Do you assume that the sim(q, P+) is going to be more than the sim(q, p-). Is this always the case, if it wasn't would you be training the model to return the wrong value?

@ax5344 2 жыл бұрын

The pretrained model is from msmarco, and it's further trained on query_answer type of data. Does it mean the final model is most suitable for semantic retrieval tasks? If so, is it because of the data (msmarco, query_answer) or the method (GPL)? If I want to train a domain-adapted language model for classification task, will GPL still the best unsupervised method?

@jamesbriggs 2 жыл бұрын

GPL is specific to semantic retrieval, deduplication, etc - I'm not sure if it would be possible to apply this as training for classification tasks, other as the embedding model in a topic modeling pipeline

@ax5344 2 жыл бұрын

@@jamesbriggs Thanks so much for the illustration. That helps clarify a doubt I had: some SBERT models on huggingface say that they are good for semantic search, others say theirs are good for classification. Do you know any pre-train method good for classification? Could you do videos there too?

@MaltheHave 2 жыл бұрын

Hi James! You mentioned a project you did involving the Dhivehi and using TSDAE. Given it's hard to find a doc2query and cross-encoder model in Dhivehi, could you have used GPL as well?

@jamesbriggs 2 жыл бұрын

We would need the two models, the difficult part would be the doc2query model, a cross-encoder might be more doable as they don't tend to require too much data.
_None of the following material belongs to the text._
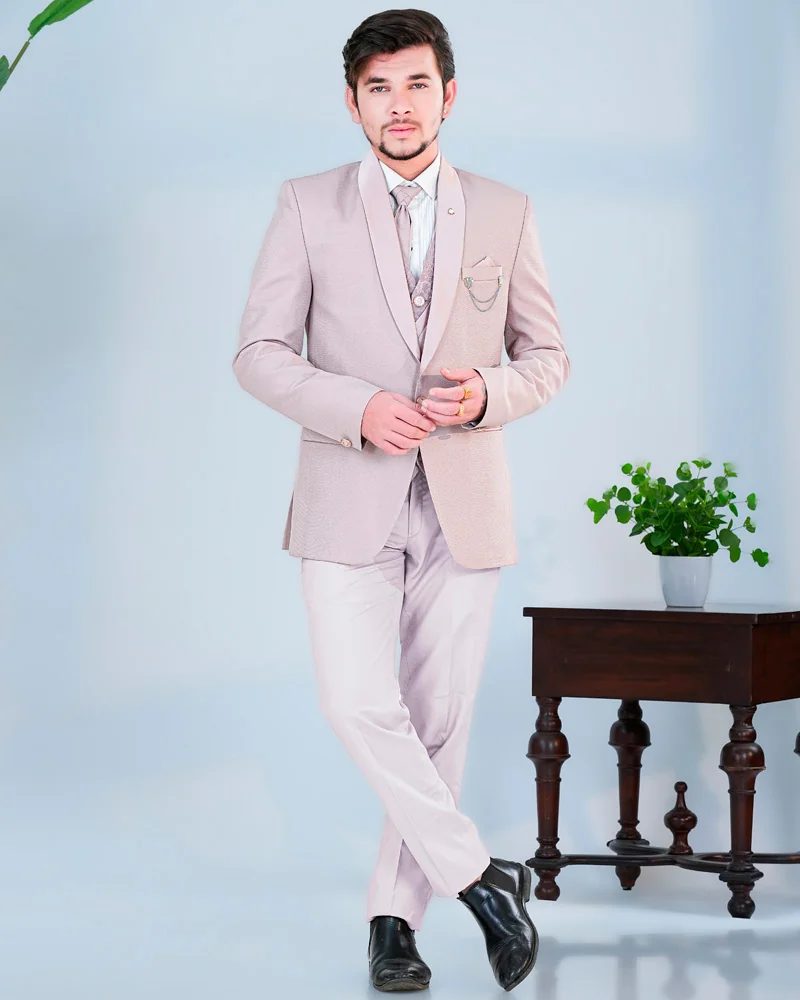 Pink Imported Fabric Tuxedo Suit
I'd probably try and find translation pairs for (english, dhivehi) though and see if multilingual knowledge distillation for one or more of these models could be an option When I have time I'd love to do more on the Dhivehi project, it was very interesting and the guy I was working with (Ashraq) is still keen to do more

@MaltheHave 2 жыл бұрын

Awesome. The reason I'm asking is because I'm trying to use GPL on the Danish language (hard to find pre trained models as compared to English). I thought about manually writing queries to passages and training a doc2query algorithm on this, but I wouldn't know how to custom train a doc2query model. Would be very informative to see a series about doing NLP tasks on less spoken languages like Dhievhi.

@bastahous 2 жыл бұрын

Hello James. Thank you for the invaluable documentation you have been providing on all these state-of-art approaches. I have an additional question which maybe I've missed but you don't seem to adress.. How to split the unstructured documents in the first place ? There are some pre-trained sentence parsers out there but when it comes to paragraphs or sets of sentences that make sense together I'm not sure what the best approach is here ? Splitting on doesn't work for me

@jamesbriggs 2 жыл бұрын

Preprocess is often pretty difficult, I've only used rule-based logic for this in the past, eg split on " " until length is 400 < x < 600 characters etc - someone recently mentioned using a sentence tokenizer from NLTK to help create the splits (but I haven't used that)